R.I.P.

Anita Roddick, founder of the Body Shop, passed away a couple of days ago.

I know lots of people have been turned off by the Body Shop in the past few years, annoyed at how many there are (almost as ubiquitous as *that* coffee shop), the fact that it appears to be like any other commercial enterprise now, and especially cynical about its decision to be bought out by L’Oréal, which tests on animals and is part-owned by Nestlé. But still. You have to admit that receiving one of those gift packs of body butters is quite a treat. And the Body Shop is still an ethical choice for your products in many ways.

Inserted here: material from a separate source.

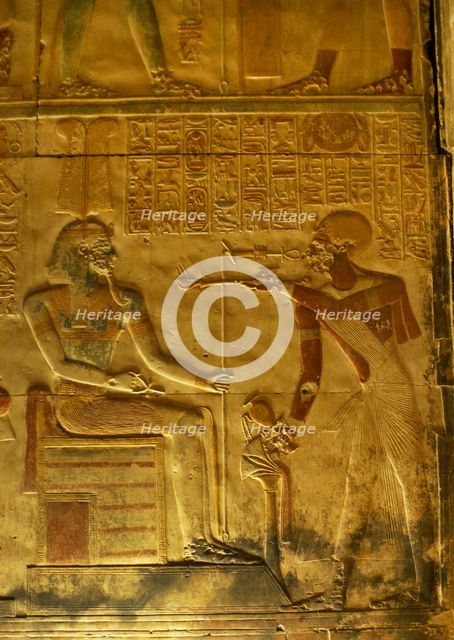 Pharaoh making offering of incense before a god, Temple of Seti I, Abydos, Egypt, New Kingdom (2003) Creator: LTL.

And that is one of her most important legacies: Anita Roddick helped make ethical consumption fashionable and mainstream before being green was really quite cool.

According to her website, Roddick started her first shop in Brighton out of the need to provide for her family:

I started The Body Shop in 1976 simply to create a livelihood for myself and my two daughters, while my husband, Gordon, was trekking across the Americas. I had no training or experience and my only business acumen was Gordon’s advice to take sales of £300 a week. Nobody talks of entrepreneurship as survival, but that’s exactly what it is and what nurtures creative thinking.

She was a tireless campaigner: for the environment (with Greenpeace and Friends of the Earth) and human rights (with Human Rights Watch and Amnesty International), and against the WTO, corporate globalisation, animal testing and Exxon-Mobil.

One of her most successful initiatives was the Body Shop’s Self-Esteem Campaign with its now infamous Cover Girl Ruby. As Anita Roddick explained:

Ruby was a fun idea, but she carried a serious message. She was intended to challenge stereotypes of beauty and counter the pervasive influence of the cosmetics industry, of which we understood we were a part. Perhaps more than we had even hoped, Ruby kick-started a worldwide debate about body image and self-esteem.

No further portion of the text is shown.